At her commercial and creative zenith between 2003 and 2007, Amy Winehouse was undoubtedly an artist who was courageously cutting-edge in the way she blended an array of different musical elements to create her own style and sound. But while she seemed new, excitingly modern and sounded like no one else, she was also a throwback to the great jazz singers of yesteryear.
If you listen carefully to Winehouse’s music and peel back the layers of modern production gloss, you’ll find it bubbling with echoes of the past; and in particular, echoes of Dinah Washington, Sarah Vaughan, and Ella Fitzgerald, three of jazz’s greatest female voices.
Winehouse assimilated Washington’s smoky timbre and blues-drenched phrasing, Vaughan’s fluttery vibrato and Fitzgerald’s ability to improvise (or “scat”) and combined those features with elements drawn from hip-hop, soul and pop to create a distinctive musical identity. Her originality lay in the way she filtered those influences through her own psyche and life experiences to arrive at a truly authentic mode of self-expression.
We shouldn’t be surprised by the impact that Washington et al had on Amy Winehouse because jazz was in her blood. Her family, especially on her father Mitch’s side, was deeply passionate about the music and played it all the time. Unsurprisingly, their enthusiasm rubbed off on young Amy, who from an early age immersed herself in the sounds of big band swing and American jazz singers.
When she released her debut album, Frank, in 2003, Winehouse’s jazz influences were on full display.

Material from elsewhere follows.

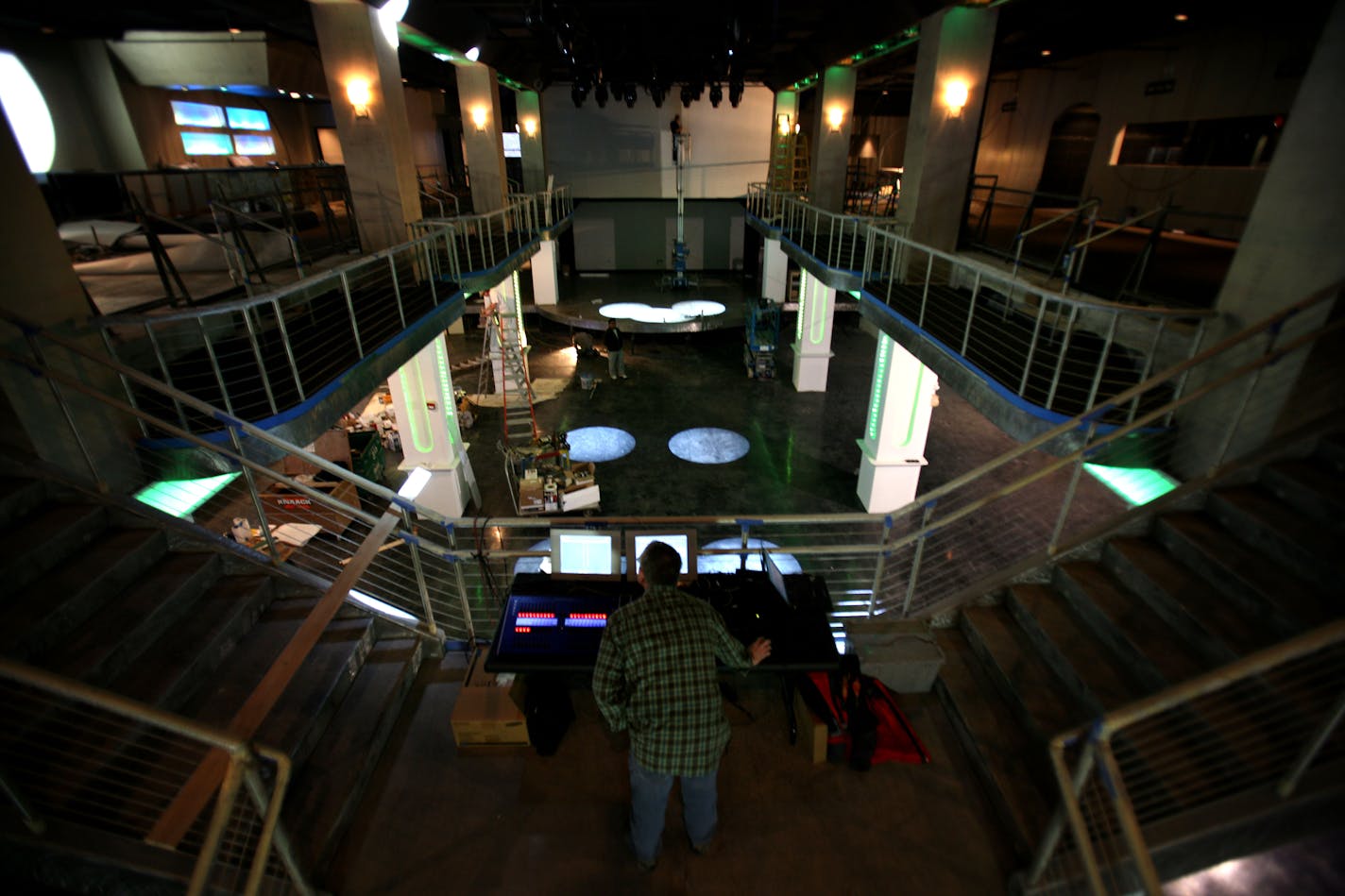 As workers finished Epic's $3.5 million renovation of the old Quest space this week, Joe Holloway tested the lights from atop the club's new grand staircase.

She channelled her inner Ella Fitzgerald on the improvised scat section featured in “Know You Now,” while on “October Song” she quoted the melody from the jazz standard “Lullaby of Birdland,” a tune indelibly associated with Sarah Vaughan. (Vaughan also received a name-check in Winehouse’s new lyrics).
But in terms of her tone, the singer Amy Winehouse resembled most was Dinah Washington. In his 2016 book Just Getting Started, veteran crooner Tony Bennett recalled being struck by Winehouse’s similarity with the Alabama-born singer when they recorded the duet “Body & Soul” five years earlier. “When I told her that her voice reminded me of Dinah Washington, Amy began to gush and tell me how devoted she had been to Dinah,” he wrote.
But what Winehouse took from Washington, she made her own, as she illustrated via her sensuous remake on Frank of the American singer’s “(There Is) No Greater Love,” which she transformed into a three-way conversation between her voice, saxophone and flute. Further evidence of Winehouse’s ability to take a jazz classic and redefine it was sublimely demonstrated by her delightful revival of James Moody’s “Moody’s Mood For Love,” which was propelled by a loping reggae-inflected groove.
Though her jazz influences were not so apparent on her more successful second album, 2006’s Back To Black, where her sonic landscape was R&B-tinged, Winehouse still approached her material with the sensibility and mindset of a jazz singer, especially on the haunting ballad, “Love Is A Losing Game.”
Like the American jazz singers that she sought to emulate, Amy Winehouse used her voice like a musical instrument; but it was a supple vehicle of self-expression rather than a finely-calibrated precision tool and possessed an underlying soulfulness that infused it with great emotional heft.
Although she left the world too soon, Amy Winehouse did enough during her short lifetime to warrant a place in the pantheon of great jazz vocalists, alongside some of the American singers she so admired. Some might disagree, of course, but if Bennett regards her as “a great jazz artist” (as he described her in Just Getting Started), then few can doubt Winehouse’s credentials. Working with her in the studio, he recognized Winehouse’s ability to take risks in her performances and improvise with rhythms and melodic phrases just like a jazz horn player would.